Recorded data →
•••

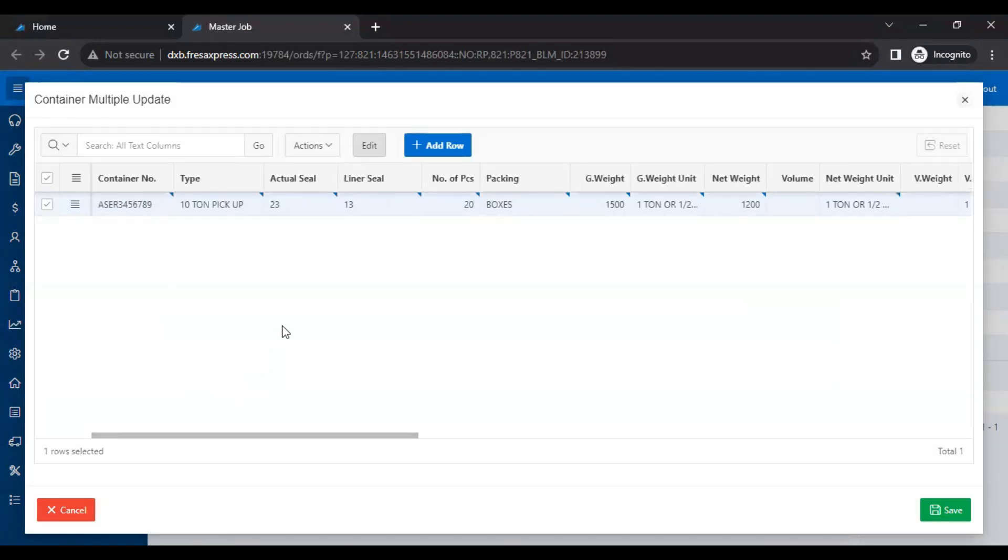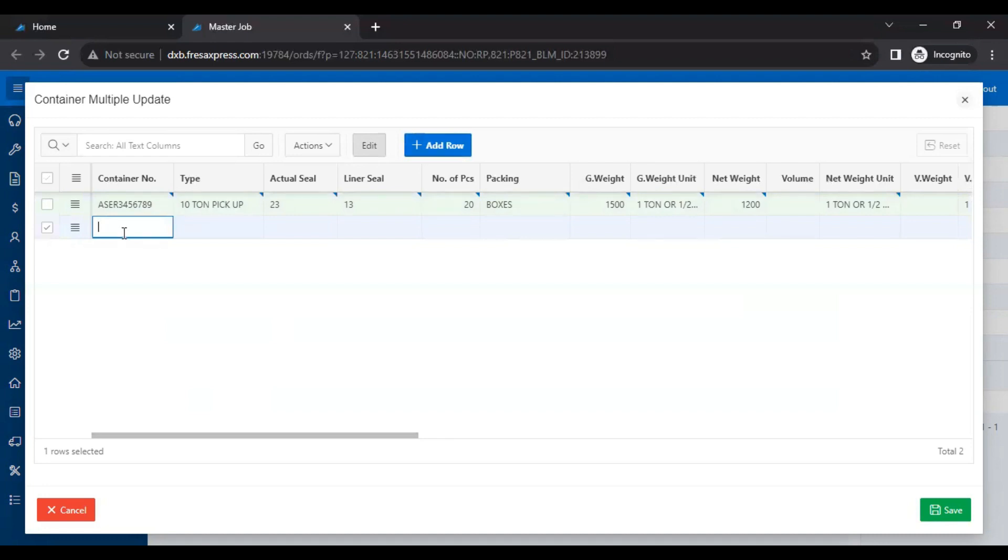If you want to add details for another container, just click the add row button. Again we have to fill the required details.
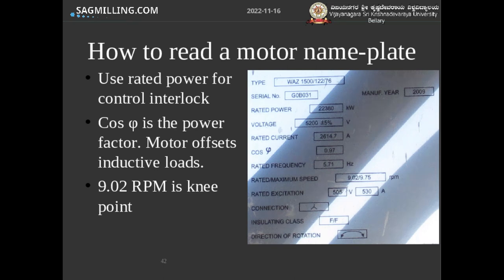The motor nameplate contains important information such as the input voltage. You can use this when converting between motor input electrical power and output power — for example, diagnosing whether you're drawing the full power out of the motor. A nameplate with a COS-φ value gives a power factor applicable to synchronous and gearless motors. You can compute the KVA of the motors, and from that work out the actual motor efficiency to use in your calculations instead of relying solely on the generic efficiency charts.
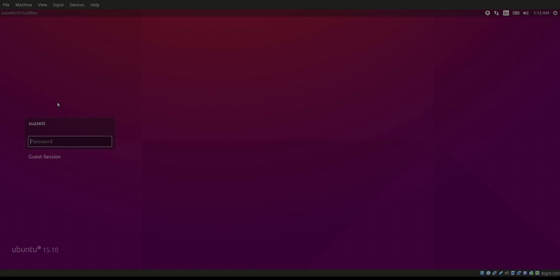Hello people of the internet, welcome to another video. This is the continuation from a previous video where I told you guys how to install Ubuntu 15.10 on VirtualBox. I'm going to use the same Ubuntu to do most of the things I'll do in the future regarding web development.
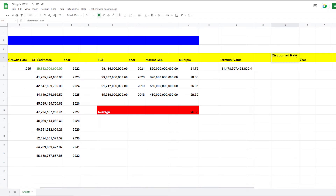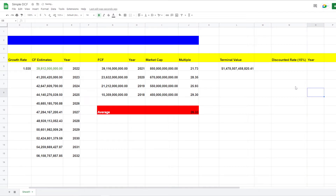For the discounted rate, I like to use 15%. Some people use 12.5%, but I prefer to be more conservative. This represents the average return you want from investing in individual stocks. Bonds yield around 5-6%, the S&P 500 gives you around 8-10% annually, so the only way it's worth the extra risk of individual stocks is if you're targeting at least 15%. Otherwise you'd just invest in the S&P 500.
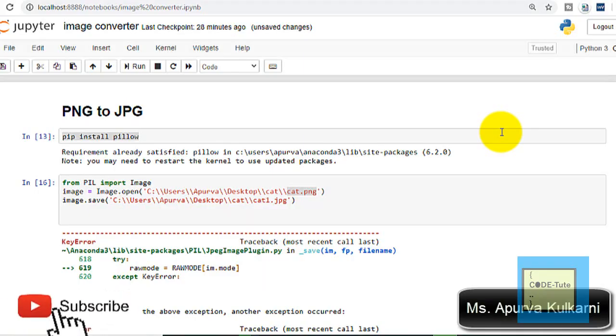Hello everyone, welcome to CodeTube. In this tutorial we will learn how to convert a PNG image to a JPG image.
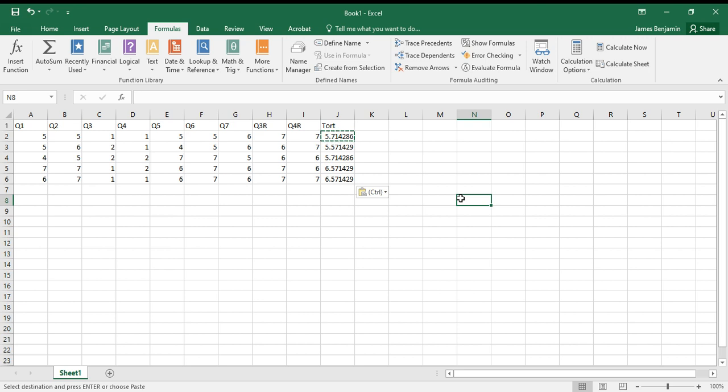mind, your formulas may vary for reverse scored items. If you used a five-point Likert scale, for example, then to reverse score items you'd have to use 6 minus 1. So the function you'd enter into your appropriate cell would be equals 6 minus 1, or 6 minus that cell number, if you catch my drift.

•••

Problem description →
What is needed is a word-for-word copy of the data, minus its pictures.

Answer below →
If you want to add details for another container, just click the add row button. Again we have to fill the required details.
The motor nameplate contains important information such as the input voltage. You can use this when converting between motor input electrical power and output power — for example, diagnosing whether you're drawing the full power out of the motor. A nameplate with a COS-φ value gives a power factor applicable to synchronous and gearless motors. You can compute the KVA of the motors, and from that work out the actual motor efficiency to use in your calculations instead of relying solely on the generic efficiency charts.
Hello people of the internet, welcome to another video. This is the continuation from a previous video where I told you guys how to install Ubuntu 15.10 on VirtualBox. I'm going to use the same Ubuntu to do most of the things I'll do in the future regarding web development.
For the discounted rate, I like to use 15%. Some people use 12.5%, but I prefer to be more conservative. This represents the average return you want from investing in individual stocks. Bonds yield around 5-6%, the S&P 500 gives you around 8-10% annually, so the only way it's worth the extra risk of individual stocks is if you're targeting at least 15%. Otherwise you'd just invest in the S&P 500.
Hello everyone, welcome to CodeTube. In this tutorial we will learn how to convert a PNG image to a JPG image.
mind, your formulas may vary for reverse scored items. If you used a five-point Likert scale, for example, then to reverse score items you'd have to use 6 minus 1. So the function you'd enter into your appropriate cell would be equals 6 minus 1, or 6 minus that cell number, if you catch my drift.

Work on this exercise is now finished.